For agents that anticipate the response shape, a code-transform pipe lets them extract exactly what they need — before the result enters context. The pipe syntax is appended to the tool call args as a _transform field:

// The model calls github/list_commits with a transform expression
// { name: "github/list_commits", input: { owner: "...", repo: "...", _transform: "result.slice(0,5).map(c => ({sha: c.sha.slice(0,7), msg: c.commit.message.split('\\n')[0]}))" } }

The expression is evaluated in-process with result bound to the parsed tool output. Only the transform output enters context.
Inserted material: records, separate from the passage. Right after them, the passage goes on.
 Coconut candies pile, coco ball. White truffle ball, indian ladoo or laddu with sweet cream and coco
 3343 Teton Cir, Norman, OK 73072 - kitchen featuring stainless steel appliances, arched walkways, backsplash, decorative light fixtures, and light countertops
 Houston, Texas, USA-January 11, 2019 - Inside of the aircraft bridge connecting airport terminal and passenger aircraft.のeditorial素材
On error, the framework falls back to the standard preview and includes the error message.

Tune compression behavior via .withTools():

.withTools({
resultCompression: {
budget: 1200, // chars before overflow triggers (default: 800)
previewItems: 5, // array items shown in preview (default: 3)
autoStore: true, // store oversized tool previews under stable keys (surfaced to the model via human-readable labels; `recall` can read them)
codeTransform: true, // enable | transform: pipe syntax (default: true)
}
})
OptionDefaultDescription
budget800Character threshold before compression kicks in
previewItems3Number of array items shown in the preview
autoStoretrueWhether to store the full result for later retrieval
codeTransformtrueWhether the | transform: pipe syntax is enabled

When tools are executed during reasoning, the results are automatically logged as episodic memories:

// This happens automatically when both .withTools() and .withMemory() are enabled
// Each tool result is logged with:
// - Action taken
// - Tool name and input
// - Result content
// - Timestamp

This means the agent can recall past tool results in future sessions.